What is Quantitative Easing?
Quantitative easing (QE) is a strategy designed to stimulate the economy when all other options (such as lowering interest rates) have been exhausted.
Step 1: The Fed purchases government bonds in the open market. To do this, the Fed creates reserves out of thin air and credits them to the account of the bank selling the bonds.
Step 2: Banks use these new reserves to give out loans. The effect is two-fold: increasing the money supply (because borrowers have new money in their pockets) and suppressing interest rates (due to the greater supply of loans).
For a comprehensive understanding of how the Fed and commercial banks create money, please refer to this article: A Guide to How Banks Create Money (for Visual Learners)
How Quantitative Easing Impacts Gold
There is no statistically significant relationship between the short-term price of gold and QE programs. However, the negative long-term effects of QE align perfectly with the factors that drive gold higher.
Rising Inflation
When the central bank pumps money into the system, every dollar in circulation decreases in value. People may feel richer, but ultimately the deteriorating currency eats away their extra purchasing power.
The inflationary pressures of QE are not always immediate. For example, following the Global Financial Crisis of ’08-’09 and subsequent QE programs, consumer inflation stayed relatively low.
This is because most banks kept the newly created reserves parked on their balance sheets rather than circulating them via loans.
Still, in the long run, an increase in the money supply inevitably translates to higher costs of goods and services and an increase in the price of gold.
Asset Bubbles
When banks inject new money into the system, it often ends up allocated to unproductive assets and companies. Economists call this the “malinvestment problem.”
Not only does this inflame wealth inequality (free money ends up in the pockets of those who already own assets), but it also increases market volatility.
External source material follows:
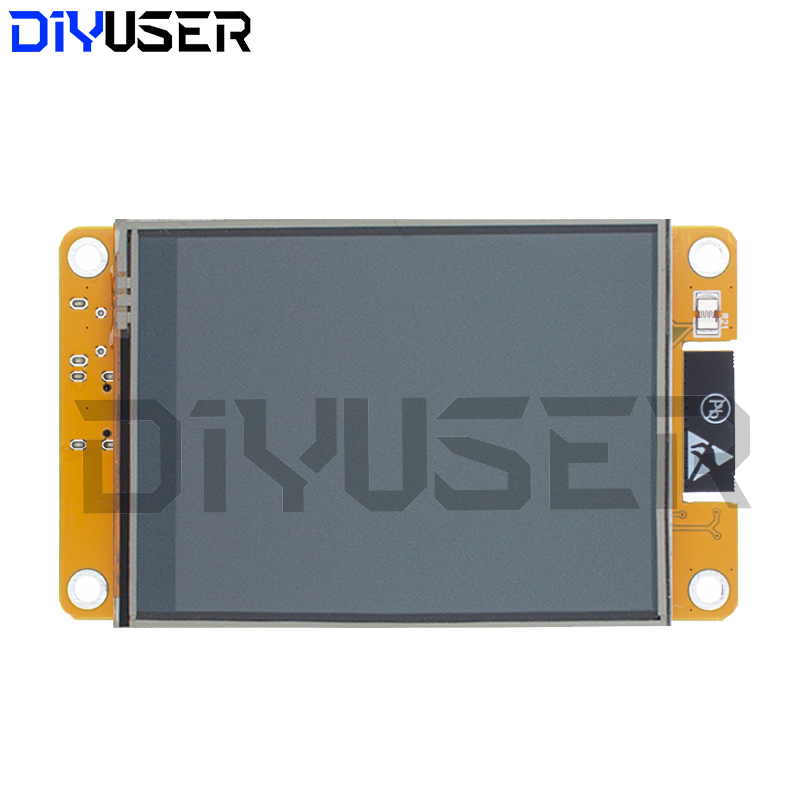 Плата разработки ESP32 LVGL с  – обзор и цена Tft Display 2.4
Gold benefits from asset bubbles as a form of financial insurance and a market hedge. When bubbles pop, investors clamour for the safety that precious metals provide.
Debt Crises
Credit feels a lot like currency. You can spend it like currency. When your bank account increases by $10, it feels the same as holding a new $10 bill.
But credit is not currency. When credit is created through the lending process, the borrower is endowed with new purchasing power, but he also takes on a future debt burden.
New purchasing power is not created; it is shifted from the future to the present. When the future finally arrives, there might not be any purchasing power left. To stay solvent, consumers, businesses, and governments must acquire more and more debt, pulling more and more purchasing power from even further in the future.
This explains the massive increase in both public and private debt in recent decades.
At some point, public and private borrowers will fail to find lenders willing to support their unquenchable thirst for credit. When the lending stops, borrowers suddenly default on their debt obligations, and credit starts evaporating from the economy.
When this happens, gold is one of the only assets that remains secure. The value of physical gold is not tied to anyone else’s solvency, which means it carries no counterparty risk. Precious metals become very attractive when debt crises appear on the horizon.
Federal Reserve Credibility
Prior to 1971, the US dollar derived its value from gold. Today’s fiat currency paradigm relies instead on the credibility of the issuing government.
What Backs the United States Dollar?
A fiat currency can function as long as economic participants have confidence in the government’s ability to repay its debts, and the ability of central bankers to make prudent decisions about interest rates, money supply, and inflation.
Unconventional monetary policy tools like QE introduce a high degree of risk to the Fed’s credibility.
Throughout history, countless governments have undermined the value of their own currency via excessive money printing. Is QE a brilliant innovation in monetary policy, or just another way to sow the seeds of monetary collapse?